Hi All,
Someone asked me this at a recent dinner party, probably to catch me out...
A carry trade is borrowing in one currency and investing in another. The profit to be made is the difference between interest rates or the potential gain.
For banks, the classical example is Japan, who was the king of carry trades woth $1 trillion, until the 2008 crash, when the trades began to unwind due to the lowering of interest rates in Europe, America and the UK. Banks would borrow in Japanese Yen, which came with a low interest rate and then lend this money in currencies that attracted a higher interest rate (such as the UK or another OECD nation). So the profit would be classical banking, or the difference between borrowing at 1% and lending at 6 or 7%.
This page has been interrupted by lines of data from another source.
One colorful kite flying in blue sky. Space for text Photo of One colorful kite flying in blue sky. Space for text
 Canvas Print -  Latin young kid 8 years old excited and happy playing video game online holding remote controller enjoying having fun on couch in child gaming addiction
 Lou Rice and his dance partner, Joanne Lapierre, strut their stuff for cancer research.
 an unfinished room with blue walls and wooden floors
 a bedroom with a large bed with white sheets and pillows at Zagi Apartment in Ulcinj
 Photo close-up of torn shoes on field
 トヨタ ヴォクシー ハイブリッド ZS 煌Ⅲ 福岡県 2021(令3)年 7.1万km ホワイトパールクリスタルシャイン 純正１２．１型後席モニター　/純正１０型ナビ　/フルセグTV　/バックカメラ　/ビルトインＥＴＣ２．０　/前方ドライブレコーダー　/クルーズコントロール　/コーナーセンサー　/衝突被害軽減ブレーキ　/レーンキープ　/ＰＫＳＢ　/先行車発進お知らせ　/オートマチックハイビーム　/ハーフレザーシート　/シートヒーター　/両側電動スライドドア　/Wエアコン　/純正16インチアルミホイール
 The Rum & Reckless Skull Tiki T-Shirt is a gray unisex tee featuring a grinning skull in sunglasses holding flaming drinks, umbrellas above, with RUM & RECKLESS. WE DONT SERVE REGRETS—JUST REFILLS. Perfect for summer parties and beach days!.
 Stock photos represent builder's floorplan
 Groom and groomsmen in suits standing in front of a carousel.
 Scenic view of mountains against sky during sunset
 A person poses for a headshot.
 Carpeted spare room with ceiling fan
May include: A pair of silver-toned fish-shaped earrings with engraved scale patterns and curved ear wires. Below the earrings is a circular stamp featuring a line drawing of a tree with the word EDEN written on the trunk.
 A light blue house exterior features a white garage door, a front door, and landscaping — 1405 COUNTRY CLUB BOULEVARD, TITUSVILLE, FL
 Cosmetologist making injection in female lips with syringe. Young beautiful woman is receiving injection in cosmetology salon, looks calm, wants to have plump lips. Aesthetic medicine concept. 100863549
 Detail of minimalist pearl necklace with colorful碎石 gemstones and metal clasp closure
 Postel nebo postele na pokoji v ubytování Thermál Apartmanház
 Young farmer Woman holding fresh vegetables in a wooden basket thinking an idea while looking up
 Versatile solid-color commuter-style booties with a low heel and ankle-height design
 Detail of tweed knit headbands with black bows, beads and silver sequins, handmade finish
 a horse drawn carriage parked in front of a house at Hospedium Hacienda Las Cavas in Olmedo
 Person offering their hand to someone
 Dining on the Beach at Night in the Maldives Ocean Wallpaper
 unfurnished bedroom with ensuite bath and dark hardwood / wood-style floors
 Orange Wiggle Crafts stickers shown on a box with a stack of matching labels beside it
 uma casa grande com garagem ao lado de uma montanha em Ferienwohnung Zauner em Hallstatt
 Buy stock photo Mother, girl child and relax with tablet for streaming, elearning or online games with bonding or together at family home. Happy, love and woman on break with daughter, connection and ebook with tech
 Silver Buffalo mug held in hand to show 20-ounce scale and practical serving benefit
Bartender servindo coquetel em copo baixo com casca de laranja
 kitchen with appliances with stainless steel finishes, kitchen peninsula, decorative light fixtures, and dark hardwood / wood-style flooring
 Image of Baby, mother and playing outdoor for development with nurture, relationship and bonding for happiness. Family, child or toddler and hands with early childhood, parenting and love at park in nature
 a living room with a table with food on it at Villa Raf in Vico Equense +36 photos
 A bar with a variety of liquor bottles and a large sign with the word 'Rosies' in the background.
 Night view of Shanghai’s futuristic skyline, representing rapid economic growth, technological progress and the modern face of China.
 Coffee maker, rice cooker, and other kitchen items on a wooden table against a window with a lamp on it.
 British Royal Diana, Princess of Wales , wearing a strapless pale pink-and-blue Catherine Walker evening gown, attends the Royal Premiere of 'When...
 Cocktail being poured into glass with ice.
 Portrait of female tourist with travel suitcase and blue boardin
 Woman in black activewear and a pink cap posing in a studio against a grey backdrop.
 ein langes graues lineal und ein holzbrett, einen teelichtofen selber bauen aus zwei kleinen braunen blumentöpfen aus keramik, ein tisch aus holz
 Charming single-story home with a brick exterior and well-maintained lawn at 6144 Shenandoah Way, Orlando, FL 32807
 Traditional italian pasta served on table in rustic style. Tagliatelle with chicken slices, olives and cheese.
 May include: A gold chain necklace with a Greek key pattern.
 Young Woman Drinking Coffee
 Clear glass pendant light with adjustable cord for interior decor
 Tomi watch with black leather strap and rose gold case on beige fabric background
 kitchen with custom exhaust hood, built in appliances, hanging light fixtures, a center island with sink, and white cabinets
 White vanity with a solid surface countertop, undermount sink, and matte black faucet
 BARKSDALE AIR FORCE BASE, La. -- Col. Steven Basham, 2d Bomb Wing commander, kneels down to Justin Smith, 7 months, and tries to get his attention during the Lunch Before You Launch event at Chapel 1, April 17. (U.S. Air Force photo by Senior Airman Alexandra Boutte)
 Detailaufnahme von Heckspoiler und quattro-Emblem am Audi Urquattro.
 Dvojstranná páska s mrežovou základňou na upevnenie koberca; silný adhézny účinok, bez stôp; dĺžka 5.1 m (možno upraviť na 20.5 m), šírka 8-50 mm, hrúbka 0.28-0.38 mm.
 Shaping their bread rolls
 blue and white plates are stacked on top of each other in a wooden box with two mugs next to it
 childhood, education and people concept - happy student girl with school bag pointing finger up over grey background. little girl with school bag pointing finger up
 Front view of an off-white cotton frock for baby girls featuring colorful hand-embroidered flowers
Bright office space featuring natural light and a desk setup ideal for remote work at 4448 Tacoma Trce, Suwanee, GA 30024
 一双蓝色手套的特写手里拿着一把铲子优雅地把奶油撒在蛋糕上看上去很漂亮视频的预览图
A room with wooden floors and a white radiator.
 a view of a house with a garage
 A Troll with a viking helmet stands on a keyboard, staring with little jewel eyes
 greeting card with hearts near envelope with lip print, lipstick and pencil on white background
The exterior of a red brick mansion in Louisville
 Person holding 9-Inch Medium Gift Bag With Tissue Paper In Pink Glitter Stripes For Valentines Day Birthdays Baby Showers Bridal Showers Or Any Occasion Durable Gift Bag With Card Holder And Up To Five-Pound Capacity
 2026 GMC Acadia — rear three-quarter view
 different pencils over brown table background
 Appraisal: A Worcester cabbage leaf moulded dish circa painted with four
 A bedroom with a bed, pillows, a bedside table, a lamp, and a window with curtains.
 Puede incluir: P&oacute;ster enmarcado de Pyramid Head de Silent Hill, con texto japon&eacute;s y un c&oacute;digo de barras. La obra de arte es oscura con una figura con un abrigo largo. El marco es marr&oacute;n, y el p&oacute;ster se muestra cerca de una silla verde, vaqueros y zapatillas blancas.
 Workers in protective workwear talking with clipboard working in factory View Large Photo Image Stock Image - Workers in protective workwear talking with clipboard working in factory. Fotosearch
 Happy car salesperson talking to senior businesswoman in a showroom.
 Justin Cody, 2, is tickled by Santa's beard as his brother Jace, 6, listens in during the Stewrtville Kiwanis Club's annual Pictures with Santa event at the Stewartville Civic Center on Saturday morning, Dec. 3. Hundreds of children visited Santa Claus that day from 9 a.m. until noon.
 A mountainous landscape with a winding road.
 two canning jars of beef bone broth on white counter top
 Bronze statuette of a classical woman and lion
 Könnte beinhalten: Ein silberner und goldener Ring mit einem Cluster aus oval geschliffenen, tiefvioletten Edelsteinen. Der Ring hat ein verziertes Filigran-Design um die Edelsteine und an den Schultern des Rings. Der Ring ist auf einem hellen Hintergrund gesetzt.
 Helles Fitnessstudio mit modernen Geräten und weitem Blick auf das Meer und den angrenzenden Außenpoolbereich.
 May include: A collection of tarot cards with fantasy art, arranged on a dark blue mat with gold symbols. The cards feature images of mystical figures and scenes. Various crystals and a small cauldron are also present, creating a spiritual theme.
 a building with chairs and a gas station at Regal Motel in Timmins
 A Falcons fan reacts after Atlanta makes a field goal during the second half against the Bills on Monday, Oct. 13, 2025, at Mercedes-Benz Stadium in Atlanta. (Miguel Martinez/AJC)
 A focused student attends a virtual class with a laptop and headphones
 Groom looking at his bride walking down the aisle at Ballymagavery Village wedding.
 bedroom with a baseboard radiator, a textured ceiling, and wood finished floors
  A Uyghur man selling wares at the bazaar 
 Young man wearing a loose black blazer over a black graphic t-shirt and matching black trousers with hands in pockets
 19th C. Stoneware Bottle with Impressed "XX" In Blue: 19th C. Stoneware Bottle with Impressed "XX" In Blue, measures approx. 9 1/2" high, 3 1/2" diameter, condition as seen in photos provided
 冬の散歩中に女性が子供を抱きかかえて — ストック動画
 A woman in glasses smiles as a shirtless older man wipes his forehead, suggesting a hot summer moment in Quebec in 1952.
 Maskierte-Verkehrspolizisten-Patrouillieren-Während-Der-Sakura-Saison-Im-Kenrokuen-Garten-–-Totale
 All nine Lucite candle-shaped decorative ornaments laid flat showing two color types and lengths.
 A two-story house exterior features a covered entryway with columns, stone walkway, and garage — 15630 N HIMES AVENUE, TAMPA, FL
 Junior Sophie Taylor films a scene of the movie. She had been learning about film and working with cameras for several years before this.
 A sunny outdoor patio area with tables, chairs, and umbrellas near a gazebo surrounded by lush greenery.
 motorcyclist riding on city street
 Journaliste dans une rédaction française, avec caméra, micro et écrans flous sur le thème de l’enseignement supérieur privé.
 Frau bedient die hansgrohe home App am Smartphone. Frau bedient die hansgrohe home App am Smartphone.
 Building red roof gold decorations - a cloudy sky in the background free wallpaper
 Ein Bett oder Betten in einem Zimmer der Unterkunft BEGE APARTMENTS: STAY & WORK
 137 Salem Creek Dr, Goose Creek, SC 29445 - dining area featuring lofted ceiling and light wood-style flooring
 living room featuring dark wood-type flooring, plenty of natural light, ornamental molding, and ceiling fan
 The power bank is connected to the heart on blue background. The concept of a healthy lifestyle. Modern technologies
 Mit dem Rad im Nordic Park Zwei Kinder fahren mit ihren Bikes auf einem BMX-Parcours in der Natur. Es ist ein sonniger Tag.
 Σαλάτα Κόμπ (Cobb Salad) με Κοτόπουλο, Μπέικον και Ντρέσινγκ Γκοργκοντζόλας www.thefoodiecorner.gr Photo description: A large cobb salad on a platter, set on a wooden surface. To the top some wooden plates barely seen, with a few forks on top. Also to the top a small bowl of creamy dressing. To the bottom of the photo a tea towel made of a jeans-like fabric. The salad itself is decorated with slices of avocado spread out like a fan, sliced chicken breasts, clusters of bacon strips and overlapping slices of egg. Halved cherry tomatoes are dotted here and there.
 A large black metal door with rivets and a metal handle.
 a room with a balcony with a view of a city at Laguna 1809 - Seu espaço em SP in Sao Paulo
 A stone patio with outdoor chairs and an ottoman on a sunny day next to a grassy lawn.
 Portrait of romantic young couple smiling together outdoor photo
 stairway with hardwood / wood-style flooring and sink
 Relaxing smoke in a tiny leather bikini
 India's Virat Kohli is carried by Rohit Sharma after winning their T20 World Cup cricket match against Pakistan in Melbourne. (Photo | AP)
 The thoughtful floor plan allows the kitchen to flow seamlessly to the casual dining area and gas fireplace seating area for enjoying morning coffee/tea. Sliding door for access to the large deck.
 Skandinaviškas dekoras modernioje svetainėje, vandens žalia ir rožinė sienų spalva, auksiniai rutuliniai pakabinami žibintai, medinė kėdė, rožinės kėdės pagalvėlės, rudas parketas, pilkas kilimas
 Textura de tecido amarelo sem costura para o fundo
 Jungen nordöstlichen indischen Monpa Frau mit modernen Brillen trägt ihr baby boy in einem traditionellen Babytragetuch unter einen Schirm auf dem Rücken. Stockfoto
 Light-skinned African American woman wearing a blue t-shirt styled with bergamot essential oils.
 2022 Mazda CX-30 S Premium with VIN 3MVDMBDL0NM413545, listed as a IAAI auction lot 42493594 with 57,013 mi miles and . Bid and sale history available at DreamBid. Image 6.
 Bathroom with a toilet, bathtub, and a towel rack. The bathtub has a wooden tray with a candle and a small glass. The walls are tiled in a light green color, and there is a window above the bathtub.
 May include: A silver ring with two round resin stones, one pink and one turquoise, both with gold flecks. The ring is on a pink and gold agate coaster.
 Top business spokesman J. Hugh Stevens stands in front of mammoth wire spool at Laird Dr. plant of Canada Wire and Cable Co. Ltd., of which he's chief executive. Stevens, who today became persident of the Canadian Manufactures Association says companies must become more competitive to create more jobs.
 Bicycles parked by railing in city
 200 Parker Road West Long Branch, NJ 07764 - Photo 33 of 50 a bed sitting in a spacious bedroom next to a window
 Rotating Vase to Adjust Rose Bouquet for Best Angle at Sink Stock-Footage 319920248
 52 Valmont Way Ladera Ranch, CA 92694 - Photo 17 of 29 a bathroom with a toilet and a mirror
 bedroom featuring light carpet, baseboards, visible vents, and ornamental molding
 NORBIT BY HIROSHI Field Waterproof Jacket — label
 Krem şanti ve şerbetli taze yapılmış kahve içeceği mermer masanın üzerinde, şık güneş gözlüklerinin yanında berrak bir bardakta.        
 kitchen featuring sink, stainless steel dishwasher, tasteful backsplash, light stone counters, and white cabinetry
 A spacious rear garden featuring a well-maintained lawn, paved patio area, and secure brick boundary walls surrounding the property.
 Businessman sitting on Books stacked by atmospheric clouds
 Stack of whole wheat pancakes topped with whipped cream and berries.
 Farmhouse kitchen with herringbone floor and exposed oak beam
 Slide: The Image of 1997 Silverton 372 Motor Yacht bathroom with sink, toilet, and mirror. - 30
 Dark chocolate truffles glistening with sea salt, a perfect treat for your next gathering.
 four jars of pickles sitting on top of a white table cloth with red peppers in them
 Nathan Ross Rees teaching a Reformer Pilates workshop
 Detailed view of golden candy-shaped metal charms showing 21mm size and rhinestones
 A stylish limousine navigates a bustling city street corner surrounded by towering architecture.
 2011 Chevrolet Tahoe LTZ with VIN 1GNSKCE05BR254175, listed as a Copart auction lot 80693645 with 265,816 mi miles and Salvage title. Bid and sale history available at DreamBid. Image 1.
For individuals a carry trade is using the entire limit of a 0% credit card before the interest is applied and investing it in either a saving account (little to no risk, but low rate) or if one wishes a higher, but riskier, return the stock or derivatives market.
A subset of the carry trade exists in the EU, which while it has the same currency has different yields for its bonds. In 2011 the ECB began one of its many LTRO (Long Term Refinancing Operations), which allowed Europe's banks to collectively borrow trillions, the collateral for these loans was of course European government debt, but the ECB was not quite the ultra conservative Bundesbank as it accepted and did not discount or discriminate between member states . The banks were able to use the bonds of Italy, Greece, Spain, Portugal, Ireland etc to get 100% of their face value, which then they used to buy... more bonds of the same. why? Aside from the national pressure the banking sectors in each country probably came under to buy 'our' debt, the capitalist insentive was the carry trade : the interest rate spread (profit) between the cost of borrowing from the ECB at 1% (the carry) to these bonds (Italy 5%, Greece 20%).